Генерал-лейтенант повел сыщиков к себе в кабинет, где в камине горели огромные поленья, за которыми специально ездили в Венсеннский лес; огонь весело потрескивал, с шипеньем разбрасывая вокруг себя искры. Согласно издавна заведенному порядку, как только Сартин появлялся в Шатле, папаша Мари немедленно разжигал огонь в большом готическом камине. В центре комнаты, под охраной двух приставов, стояли задержанные Юлия и Казимир. Встав возле камина, Сартин выпрямился и развернул плечи, отчего его хрупкая фигура приобрела присущее ей величие. Приказав увести женщину, он начал допрашивать Казимира.

С приятным напевным выговором Казимир рассказал, кто он и откуда. Уроженец острова Гваделупа, он утверждал, что ему двадцать пять лет, исповедания римско-католического, раб госпожи де Ластерье, у коей он находился в услужении. Он подробно изложил, как в четверг прошел званый вечер, во время которого его хозяйка угощала гостей ужином. Гостей пришло восемь. Господин Николя явился под вечер, но пробыл недолго и быстро ушел. Объяснить его уход он не мог. Других гостей он не знал, за исключением господина Бальбастра, завсегдатая дома, и молодого музыканта, зачастившего в дом недели две назад; музыкант всегда приходил к госпоже де Ластерье один. Однажды он даже остался допоздна. Ужин прошел без происшествий. Как обычно, госпожа ничего не ела. Будучи спрошенным, сколько раз за тот вечер он видел Николя, тот без колебаний ответил, что один. Свою хозяйку он видел в последний раз перед тем, как она удалилась к себе в будуар, дабы показать молодому музыканту какие-то духи. Они с Юлией все убрали, помыли посуду и легли спать. Да, Юлия — его жена, они так считают, хотя их союз и не освящен благословением священника. Он не знает, остался ли молодой человек у ее хозяйки или же ушел домой, и в котором часу. Когда на следующее утро Юлия пришла в хозяйкину спальню, она увидела, что госпожа мертва. Она громко закричала, и он прибежал на крик.

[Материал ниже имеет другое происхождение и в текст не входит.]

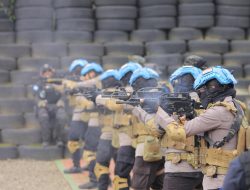 Polri Terkait Perdamaian Gaza Brimob Siapkan 350 Personel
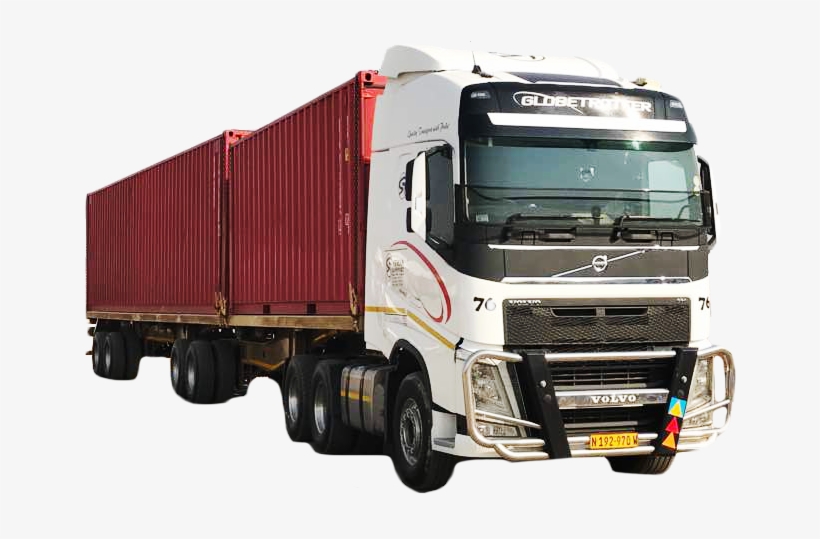 Container Link Trailer - Trailer Truck, transparent png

Задав все свои вопросы, Сартин уступил место Бурдо, пожелавшего спросить чернокожего раба, хорошо ли с ним обращалась его хозяйка. Помолчав, Казимир неуверенно ответил, что его никогда не наказывали. Следовательно, у него нет причин желать хозяйке зла. Конечно, она упорно отказывалась дать им свободу. На ужин, о котором идет речь, он приготовил курицу под соусом, как делают у них на родине; для соуса используются пряности, которые здесь не растут, но так как запас, привезенный с Гваделупы, подошел к концу, соус получился не такой, как нужно.

Допрос Юлии ничего нового не дал: она подтвердила все слова мужа. Они или успели договориться, или говорили правду. До окончания расследования генерал-лейтенант приказал запереть их в две секретные камеры в Шатле.

— Вы все слышали, Николя. Что вы на это скажете? — спросил Сартин, когда арестованных увели.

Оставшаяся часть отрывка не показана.